Assignment » Will you restate verbatim the lines running from the line with "オルサス西日暮里の物件間取画像" to the end of the data, leaving out everything else?

Supplied data »

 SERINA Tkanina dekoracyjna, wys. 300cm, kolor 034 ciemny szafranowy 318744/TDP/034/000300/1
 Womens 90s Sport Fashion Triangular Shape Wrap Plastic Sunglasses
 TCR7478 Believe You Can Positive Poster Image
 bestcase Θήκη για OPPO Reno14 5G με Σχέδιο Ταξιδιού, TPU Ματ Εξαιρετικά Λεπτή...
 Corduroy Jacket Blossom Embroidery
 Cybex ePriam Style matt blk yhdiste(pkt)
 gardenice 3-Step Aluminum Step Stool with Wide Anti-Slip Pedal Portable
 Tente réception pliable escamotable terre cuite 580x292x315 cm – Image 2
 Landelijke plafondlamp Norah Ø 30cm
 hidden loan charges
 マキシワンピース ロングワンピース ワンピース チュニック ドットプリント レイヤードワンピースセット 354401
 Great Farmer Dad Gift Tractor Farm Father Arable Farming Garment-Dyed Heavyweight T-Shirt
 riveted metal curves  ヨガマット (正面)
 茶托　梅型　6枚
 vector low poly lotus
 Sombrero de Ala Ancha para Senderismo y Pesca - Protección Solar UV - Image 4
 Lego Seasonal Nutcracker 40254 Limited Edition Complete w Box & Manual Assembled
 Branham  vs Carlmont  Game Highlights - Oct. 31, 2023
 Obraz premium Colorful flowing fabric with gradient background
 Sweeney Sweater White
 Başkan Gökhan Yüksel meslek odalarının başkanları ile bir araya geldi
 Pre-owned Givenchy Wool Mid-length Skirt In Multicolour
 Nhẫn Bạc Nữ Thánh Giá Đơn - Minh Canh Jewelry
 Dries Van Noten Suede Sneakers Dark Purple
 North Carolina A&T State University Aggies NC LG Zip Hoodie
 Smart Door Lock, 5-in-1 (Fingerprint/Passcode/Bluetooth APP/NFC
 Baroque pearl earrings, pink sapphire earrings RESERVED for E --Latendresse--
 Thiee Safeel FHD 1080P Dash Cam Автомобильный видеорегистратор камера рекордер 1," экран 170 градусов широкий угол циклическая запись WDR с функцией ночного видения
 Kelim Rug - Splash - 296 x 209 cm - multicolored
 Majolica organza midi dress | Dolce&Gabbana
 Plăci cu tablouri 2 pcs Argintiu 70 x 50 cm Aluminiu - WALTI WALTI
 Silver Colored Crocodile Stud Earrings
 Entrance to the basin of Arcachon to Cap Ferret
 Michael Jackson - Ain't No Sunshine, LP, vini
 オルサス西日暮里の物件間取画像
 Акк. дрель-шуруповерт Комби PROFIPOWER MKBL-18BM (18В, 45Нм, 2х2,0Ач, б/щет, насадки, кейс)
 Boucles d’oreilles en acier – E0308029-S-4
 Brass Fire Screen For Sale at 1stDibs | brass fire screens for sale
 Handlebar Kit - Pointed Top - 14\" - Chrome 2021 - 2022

Exercise result »
 オルサス西日暮里の物件間取画像
 Акк. дрель-шуруповерт Комби PROFIPOWER MKBL-18BM (18В, 45Нм, 2х2,0Ач, б/щет, насадки, кейс)
 Boucles d’oreilles en acier – E0308029-S-4
 Brass Fire Screen For Sale at 1stDibs | brass fire screens for sale
 Handlebar Kit - Pointed Top - 14\" - Chrome 2021 - 2022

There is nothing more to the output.